Way back when, our co-op consisted of a gathering of 4-10 families who would meet up once a month or so at the local public park under the guise of picking up their health food orders. Most of them were crunchy granola mama types, and I can still remember the delight of watching the big freight truck full of spritzers and sprouted grain rumble up to our picnic table. Looking back, the concept seems quirky in the extreme. How had they convinced the driver to meet them at the park of all places? I assume that their orders were substantial enough to warrant his making a special stop. All I knew is that I loved the naturally sweetened orange gumballs and yummy fizzy drinks we got as a super-special treat once a month. We kids would snag a fruit leather or two and scatter pell-mell through the park–little kids to the swings and slides, middle ones to play tag, and older ones down to the lake to fish or skip rocks.

Of course, I thought that co-op day was all about the kids. We were there to play! It wasn’t until I was a home school parent myself that I realized that the mamas were at least as jazzed as we were to get a chance to “play.”

Somewhat regularly, we would have an organized lesson or field trip instead of just free play, but mostly, those days were a chance to fellowship and socialize (and buy giant bags of unmilled whole grain wheat).

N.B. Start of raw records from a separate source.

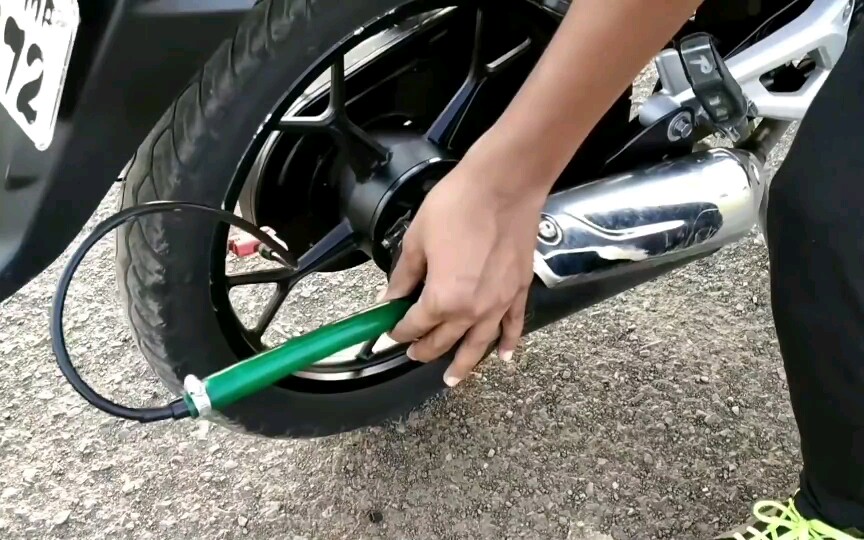 摩托车没气了怎么办?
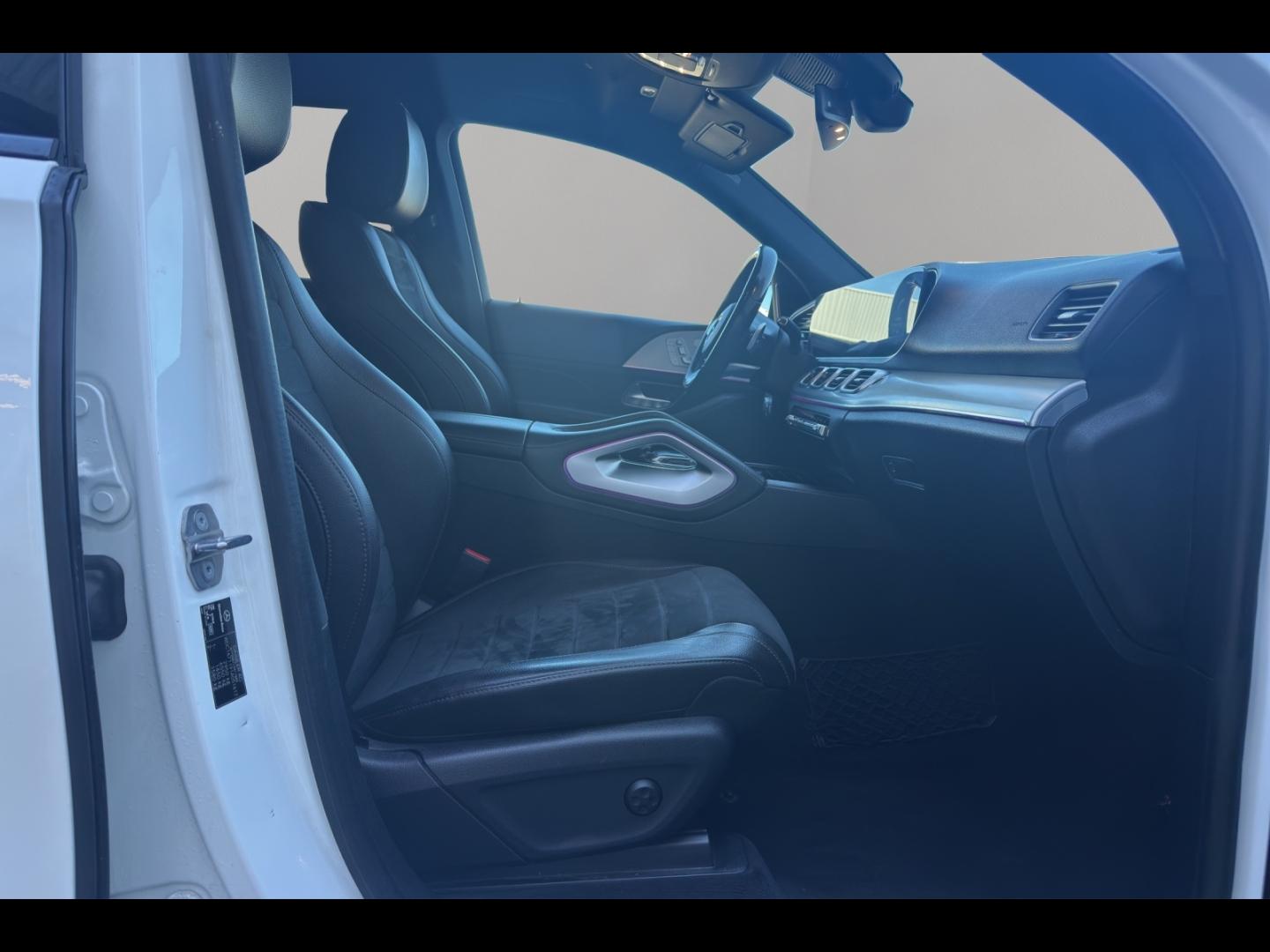 Image MERCEDES-BENZ GLE 300 d 272ch+20ch AMG Line 4Matic 9G-Tronic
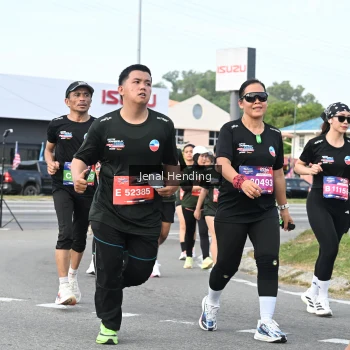 Runner Photo 3546902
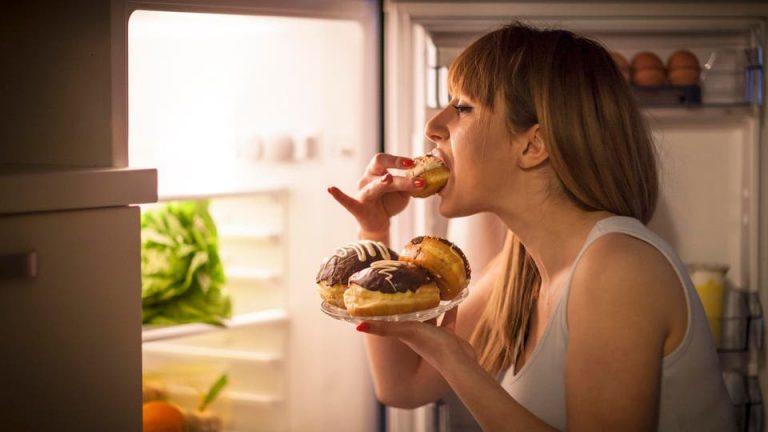 10 مأكولات تجنبيها بعد سن الثلاثين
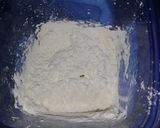 Foto del paso 2 de la receta: Alfajorcitos tiernos de maicena. 😋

Imagine my surprise, then, when I discovered that, these days, a home school co-op is a highly scheduled, curriculum-heavy, organized *thing.*

home school co op

This picture is from last year, and I kind of can’t believe how witsy bitsy everybody looks, but it exemplifies another fun thing we do at co-op: THEME DAYS! (This one was Nerds vs. Rock Stars). 

Of course, it depends on your co-op because each is run by individuals with specific tastes, but I can tell you how ours works.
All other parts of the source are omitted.